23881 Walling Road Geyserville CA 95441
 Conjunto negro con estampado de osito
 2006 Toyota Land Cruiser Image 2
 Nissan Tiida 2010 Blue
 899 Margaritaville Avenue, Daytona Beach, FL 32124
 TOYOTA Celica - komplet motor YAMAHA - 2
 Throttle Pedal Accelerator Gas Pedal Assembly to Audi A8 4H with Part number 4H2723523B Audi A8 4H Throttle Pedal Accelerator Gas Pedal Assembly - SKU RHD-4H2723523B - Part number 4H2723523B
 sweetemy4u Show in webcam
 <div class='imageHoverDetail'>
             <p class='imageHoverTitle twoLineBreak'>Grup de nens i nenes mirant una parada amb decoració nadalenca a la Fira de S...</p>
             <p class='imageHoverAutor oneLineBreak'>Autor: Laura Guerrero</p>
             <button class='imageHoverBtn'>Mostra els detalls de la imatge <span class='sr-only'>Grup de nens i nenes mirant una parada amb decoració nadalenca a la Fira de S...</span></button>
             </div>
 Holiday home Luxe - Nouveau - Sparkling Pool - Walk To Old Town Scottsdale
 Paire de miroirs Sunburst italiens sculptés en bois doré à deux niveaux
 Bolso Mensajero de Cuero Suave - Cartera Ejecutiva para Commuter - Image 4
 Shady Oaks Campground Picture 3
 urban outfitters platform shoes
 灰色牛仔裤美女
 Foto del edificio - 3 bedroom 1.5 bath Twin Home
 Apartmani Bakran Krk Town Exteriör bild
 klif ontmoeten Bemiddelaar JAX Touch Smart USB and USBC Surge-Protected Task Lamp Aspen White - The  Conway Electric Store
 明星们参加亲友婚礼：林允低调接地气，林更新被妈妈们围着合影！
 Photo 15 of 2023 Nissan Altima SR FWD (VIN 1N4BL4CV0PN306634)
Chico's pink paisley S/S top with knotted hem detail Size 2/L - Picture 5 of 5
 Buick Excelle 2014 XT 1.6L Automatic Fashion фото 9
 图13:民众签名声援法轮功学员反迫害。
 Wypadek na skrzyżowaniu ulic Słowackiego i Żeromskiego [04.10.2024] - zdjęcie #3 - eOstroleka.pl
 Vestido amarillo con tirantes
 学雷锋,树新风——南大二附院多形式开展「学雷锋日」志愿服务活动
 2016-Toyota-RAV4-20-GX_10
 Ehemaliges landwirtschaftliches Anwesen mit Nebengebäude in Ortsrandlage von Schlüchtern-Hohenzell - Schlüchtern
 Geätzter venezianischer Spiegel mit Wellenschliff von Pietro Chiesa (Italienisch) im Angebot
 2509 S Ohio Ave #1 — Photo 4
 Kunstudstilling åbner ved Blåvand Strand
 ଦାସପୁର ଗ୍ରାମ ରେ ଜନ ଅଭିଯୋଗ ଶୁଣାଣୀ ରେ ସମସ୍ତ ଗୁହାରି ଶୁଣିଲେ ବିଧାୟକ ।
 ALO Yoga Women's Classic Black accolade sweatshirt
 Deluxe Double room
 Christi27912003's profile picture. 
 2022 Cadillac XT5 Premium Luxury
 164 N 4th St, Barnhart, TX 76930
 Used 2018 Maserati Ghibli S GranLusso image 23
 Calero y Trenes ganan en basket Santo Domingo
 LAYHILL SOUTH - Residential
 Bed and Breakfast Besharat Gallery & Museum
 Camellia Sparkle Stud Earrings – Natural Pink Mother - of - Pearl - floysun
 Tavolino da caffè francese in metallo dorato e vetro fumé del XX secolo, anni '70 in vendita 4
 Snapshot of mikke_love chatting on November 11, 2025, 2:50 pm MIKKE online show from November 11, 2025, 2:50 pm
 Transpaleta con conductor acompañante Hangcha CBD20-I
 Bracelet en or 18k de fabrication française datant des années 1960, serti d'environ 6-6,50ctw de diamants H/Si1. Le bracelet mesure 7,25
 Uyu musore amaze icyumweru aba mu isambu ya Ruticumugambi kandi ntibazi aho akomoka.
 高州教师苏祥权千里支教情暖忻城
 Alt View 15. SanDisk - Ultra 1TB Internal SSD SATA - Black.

--- --- ---

• [GOAL OF THE EXERCISE] Taking the lines above, repeat exactly those from the line that contains "Foto del edificio" through the line that contains "Ehemaliges landwirtschaftliches Anwesen", and both of those lines as well. Include nothing else.

• [RESPONSE TO THE EXERCISE]
 Foto del edificio - 3 bedroom 1.5 bath Twin Home
 Apartmani Bakran Krk Town Exteriör bild
 klif ontmoeten Bemiddelaar JAX Touch Smart USB and USBC Surge-Protected Task Lamp Aspen White - The  Conway Electric Store
 明星们参加亲友婚礼：林允低调接地气，林更新被妈妈们围着合影！
 Photo 15 of 2023 Nissan Altima SR FWD (VIN 1N4BL4CV0PN306634)
Chico's pink paisley S/S top with knotted hem detail Size 2/L - Picture 5 of 5
 Buick Excelle 2014 XT 1.6L Automatic Fashion фото 9
 图13:民众签名声援法轮功学员反迫害。
 Wypadek na skrzyżowaniu ulic Słowackiego i Żeromskiego [04.10.2024] - zdjęcie #3 - eOstroleka.pl
 Vestido amarillo con tirantes
 学雷锋,树新风——南大二附院多形式开展「学雷锋日」志愿服务活动
 2016-Toyota-RAV4-20-GX_10
 Ehemaliges landwirtschaftliches Anwesen mit Nebengebäude in Ortsrandlage von Schlüchtern-Hohenzell - Schlüchtern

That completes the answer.